● **Source data**:
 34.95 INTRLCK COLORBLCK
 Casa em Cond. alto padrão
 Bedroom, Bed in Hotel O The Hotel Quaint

==

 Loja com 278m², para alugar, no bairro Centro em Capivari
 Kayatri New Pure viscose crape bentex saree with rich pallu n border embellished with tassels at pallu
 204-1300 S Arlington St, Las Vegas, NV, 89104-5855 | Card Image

● **Exercise description**: Please return the lines above that run from the line containing "34.95 INTRLCK COLORBLCK" to the line containing "Bedroom, Bed in Hotel O The Hotel Quaint", inclusive, exactly and with no other lines.

● **Solved problem**:
 34.95 INTRLCK COLORBLCK
 Casa em Cond. alto padrão
 Bedroom, Bed in Hotel O The Hotel Quaint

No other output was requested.